March 28, 2024

G-20 Forum to Be Colored by Rhetoric on Currency

MOSCOW — The debate over a currency war arrived in Moscow on Friday as finance officials from the Group of 20 leading economies sparred over Japan’s proposed expansive policies, which have driven down the value of the yen.

The G-20 forum, which put together a huge financial backstop to halt a market meltdown in 2009, is back in the spotlight after a week in which the Group of 7 rich nations tried, and spectacularly failed, to speak on currencies with one voice.

The G-7 has long been the powerhouse of financial diplomacy. But tension between Washington and Tokyo has risen over a bid by Prime Minister Shinzo Abe of Japan to end two decades of deflation.

The G-7 issued a joint statement Tuesday reaffirming “our longstanding commitment to market-determined exchange rates.” But the show of unity was quickly undermined by separate background comments to the news media criticizing Japan.

Russia, as host of the talks, says the G-20 — which includes leading emerging nations alongside rich countries and accounts for 90 percent of the world economy — will back the thrust of the G-7 text when the larger group issues its communiqué, expected Saturday.

Deputy Finance Minister Sergei Storchak of Russia said that discussion of a draft statement was proving “difficult” but that the final text would not single out Japan for criticism.

“There is no competitive devaluation, there are no currency wars,” Mr.
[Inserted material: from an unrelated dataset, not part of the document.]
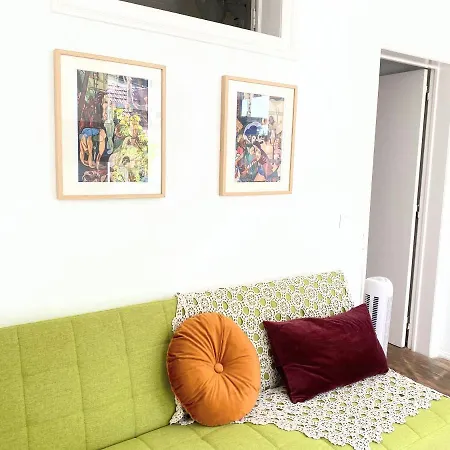 Portuguese In The Heart Of Apartment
Storchak said. “What’s happening is market reaction to exclusively internal decision making.”

On Friday, Mario Draghi, the European Central Bank president, criticized the debate on currencies. “All this chatter that has been undertaken in the past few weeks is either inappropriate or fruitless — in all cases it’s self-defeating,” he said.

When the G-20 last met, in November, its statement included a call to “refrain from competitive devaluation of currencies.” Tokyo took the omission of a similar warning by the G-7 in the past week to mean that its policies had won a free pass. The Japanese central bank has agreed to pursue unlimited monetary easing — the manipulation of asset purchases and money supply — until its inflation target of 2 percent has been met.

“As the G-20 meeting in Moscow gets under way, the battle lines are drawn — it isn’t G-6 against Japan as much as it is G-7 against G-13,” analysts at the French bank Société Générale wrote in a research note.

The yen has fallen about 20 percent since November, when it became clear that Mr. Abe was likely to become prime minister, causing a rally in Japanese stocks that the government hopes, will start growth by encouraging savers to spend and companies to invest.

Russian officials note that Japan has not intervened on currency markets to weaken the yen, suggesting that Tokyo would not be singled out as a miscreant.